How to complete this task
Scan the records below for the line with "Spielansicht von Trivial Pursuit - Asterix_2" and the line with "Colony Inn - North", and retype that range exactly, both ends included, pictures excepted.

##### Source material

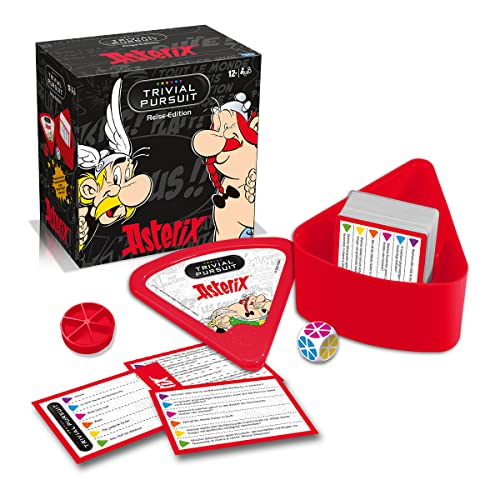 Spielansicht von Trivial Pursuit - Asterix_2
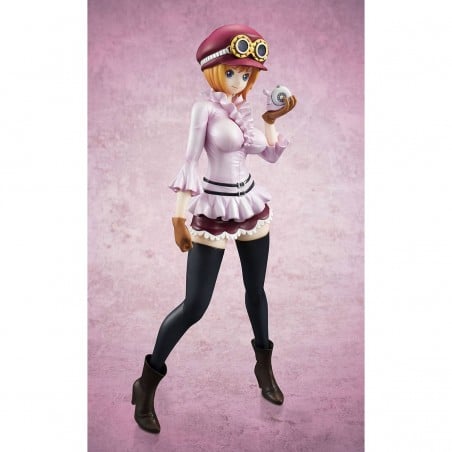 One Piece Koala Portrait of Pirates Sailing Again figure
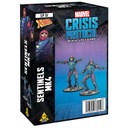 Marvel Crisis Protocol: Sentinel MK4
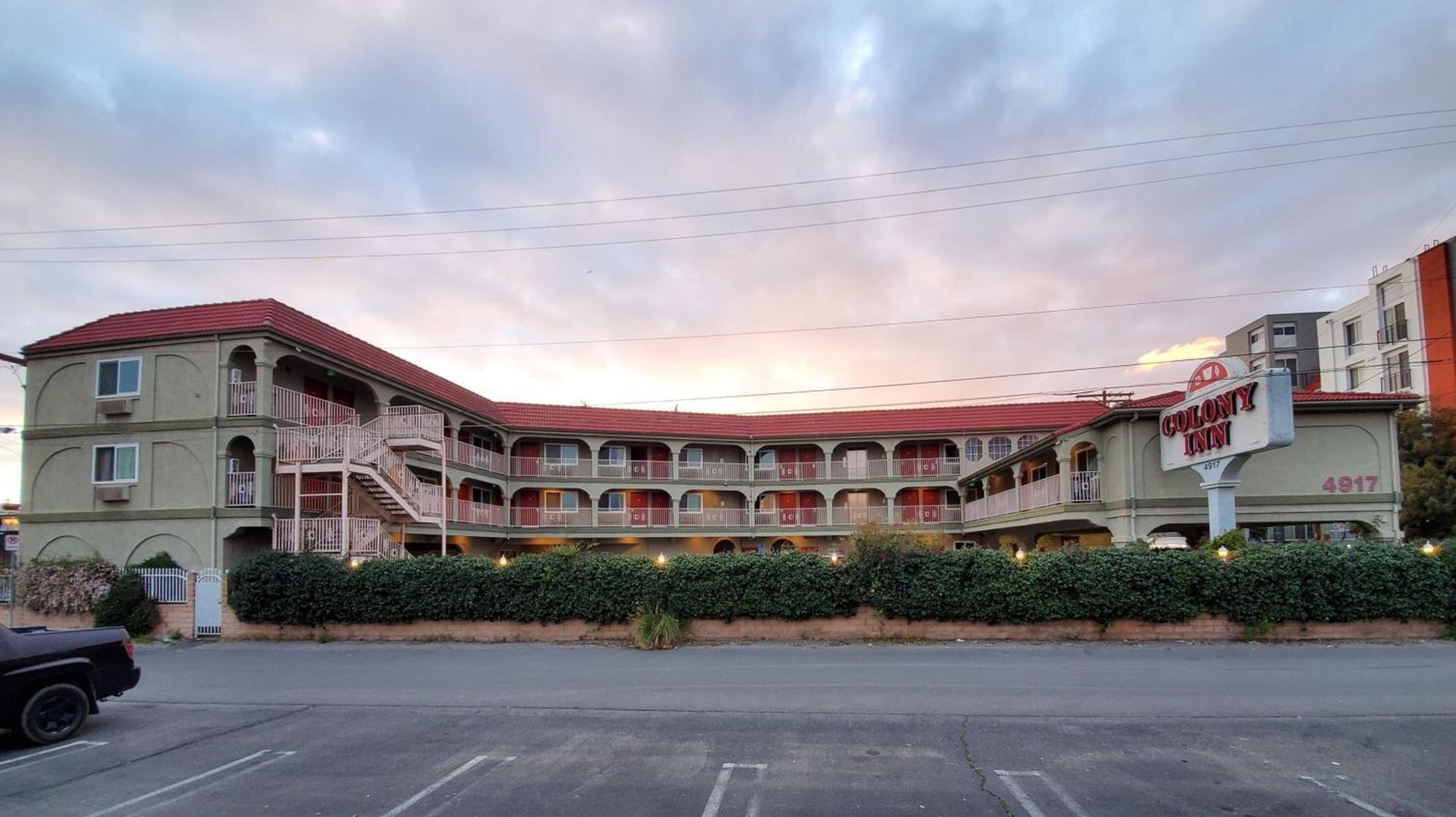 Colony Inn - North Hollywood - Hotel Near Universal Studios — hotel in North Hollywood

##########
##### Source material

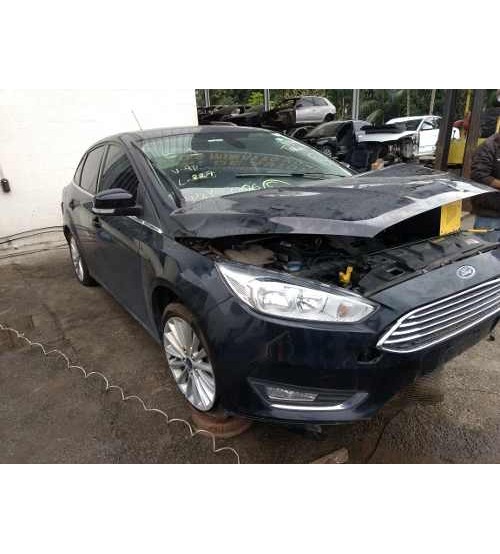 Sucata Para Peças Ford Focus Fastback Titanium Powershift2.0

##########

Response box
 Spielansicht von Trivial Pursuit - Asterix_2
 One Piece Koala Portrait of Pirates Sailing Again figure
 Marvel Crisis Protocol: Sentinel MK4
 Colony Inn - North Hollywood - Hotel Near Universal Studios — hotel in North Hollywood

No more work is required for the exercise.